Anonymous R/T said...

VS - I normally want to punch you on the nose but your para 2 is a belter! Thank you.

Ellie - I know Mark Rowley a bit and he always seemed like a decent guy. Mind you - a few ACPO do don't they? I know someone in 45 and they are hopeful that it's a big(gish) step forward.

We'll see, I guess.

30 May, 2009 19:11

 
Anonymous Anonymous said...

Lets hope it is the start of a new dawn,

bloody doubt it tho

30 May, 2009 21:38

 
Blogger Colin D said...

Back in December last year, I reported via 999 that I had been robbed, my credit cards taken et hoc. The operator told me it wasn't an emergency although she would take the call.
I day or two later I got a back up telephone call and was given a crime number. I have since lost that as well. O well no news on all of my lost property and I suppose the 4 PCSO I saw on the offending High Street are still doing their risk assessments?

No rude suggestions please but what should I have done with the crime number? I am a fragile individual in my 70th year

31 May, 2009 16:17

 
Anonymous Anonymous said...

Mark Rowley is well respected and a decent and committed chief constable in Surrey.
I wish him the best of luck for making a stand here.

31 May, 2009 22:23

 
Anonymous Anonymous said...

Bit more info pls Colin?
Was it a robbery, in the technical sense of a theft with violence or threat of violence directed at you, or 'just' a theft (where no-one threatend you, but you were pickpocketed, say, or left your wallet in your car and had it lifted)?
Not saying in either case a crime number was sufficient, just need more info.

01 June, 2009 11:42

 
Blogger uniform said...

anon @ 22:23

thank you Chief's bag man

The promotion to Superintendent is now assured.

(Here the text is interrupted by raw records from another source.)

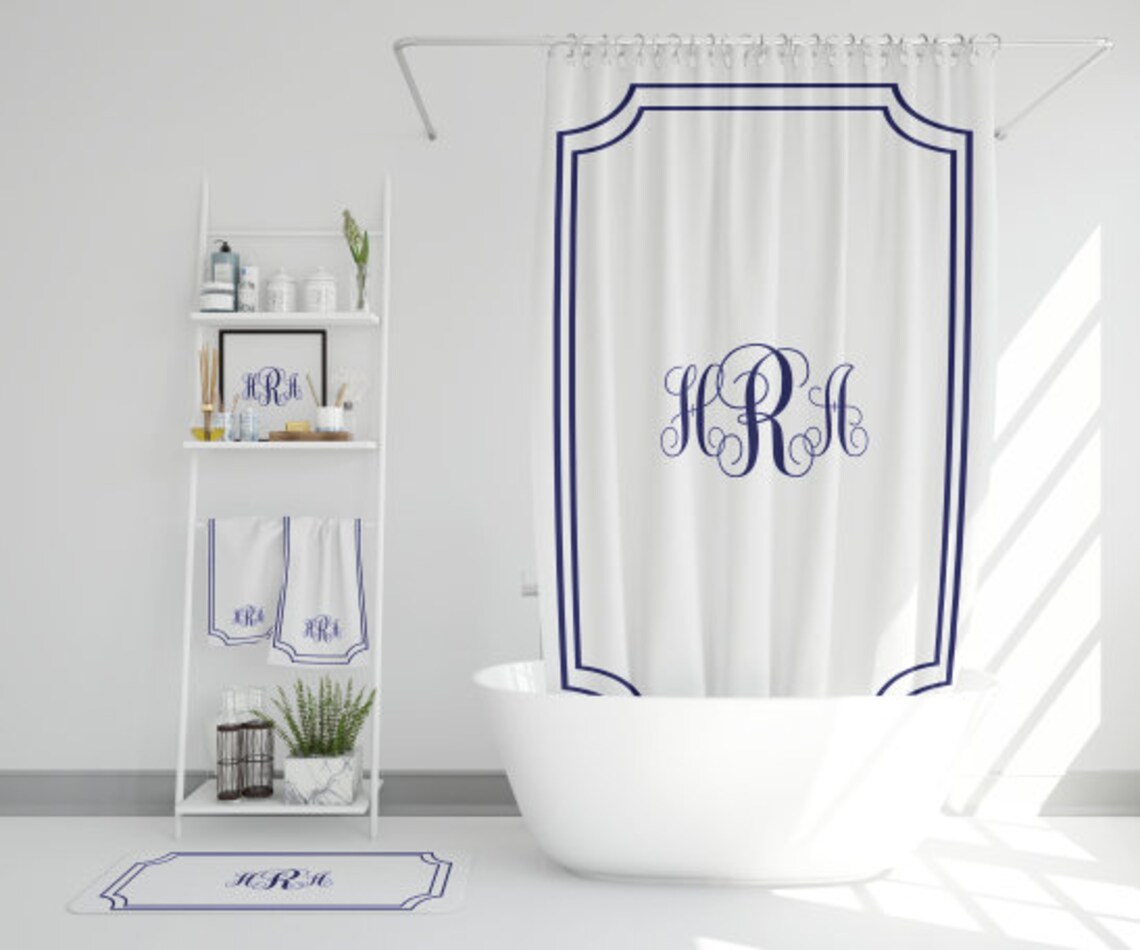 Custom Monogrammed Bathroom Set: Personalized Shower Curtain & Bath Mat ...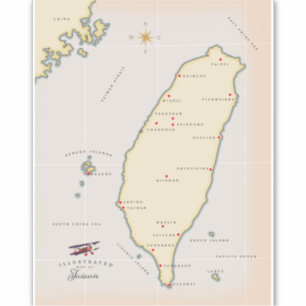 Taiwan Vintage Map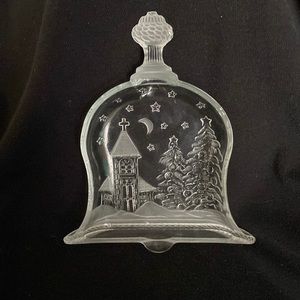 VTG 7” Bell of Christmas - Frosted Crystal Plate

Chin chin, Martini anyone?

01 June, 2009 20:44

 
Anonymous Anonymous said...

hello... hapi blogging... have a nice day! just visiting here....

04 June, 2009 06:00

 
Anonymous Anonymous said...

To clarify, the act of insanity which has set Mr Rowley off is this: We have to reduce our income from council tax by 1.2 million pounds. Re-billing the people of Surrey carries an administrative cost of 1.6 million pounds. Given that we have already coped (well!) with vicious cuts in the last couple of years, it's this final act of insanity that's sent Mr Rowley off the deep end.

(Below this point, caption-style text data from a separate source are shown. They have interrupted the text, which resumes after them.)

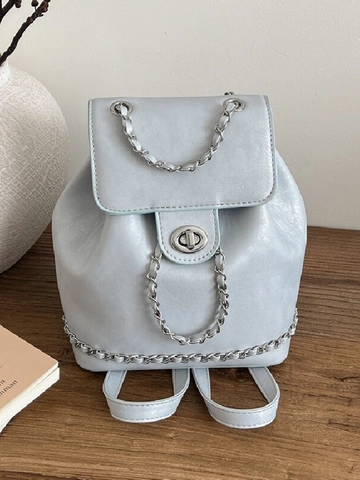 Women Fashion Synthetic Leather Chain Backpack Small Square Bag Commuting Schoolbag For College Students Solid Color Drawstring Buckle Metal Lock Backpack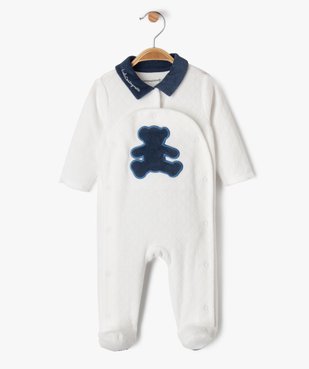 Pyjama en velours à col chemise bébé - LuluCastagnette vue1 - LULU G4G - GEMO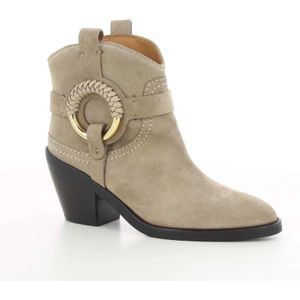 See by Chloé, Schoenen, Dames, Beige, 39 EU, Stijlvolle Beige Hana W23 Enkellaarzen met Hak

We're already feeling the pinch on the front line, but when we inevitably fail the people of Surrey they do not complain to their MP but to poor hard-working call-takers, PCs and PCSOs.

I don't know him well, but he seems to make a lot of sense and I support him. Interestingly, he has made it clear that Surrey officers and staff can talk openly with the public about these issues.

05 June, 2009 15:32

 
Anonymous Anonymous said...

I can fully support the deletion of obscenity, libel or offensive comment. However, the deletion of my fair right to reply, constituting no more than the short explanatory response to Lawyer type above, is as difficult to justify as it is easy to equate to the police blog equivalent of taser abuse.

Was it not you, Ellie, professing to support and admire free expression and openness with the public?

If it be the case that fair and just comments embarrass a personal agenda sculpted for approval by Radio 4 producers, please qualify your version of openness with the public if it is something other than hypocrisy.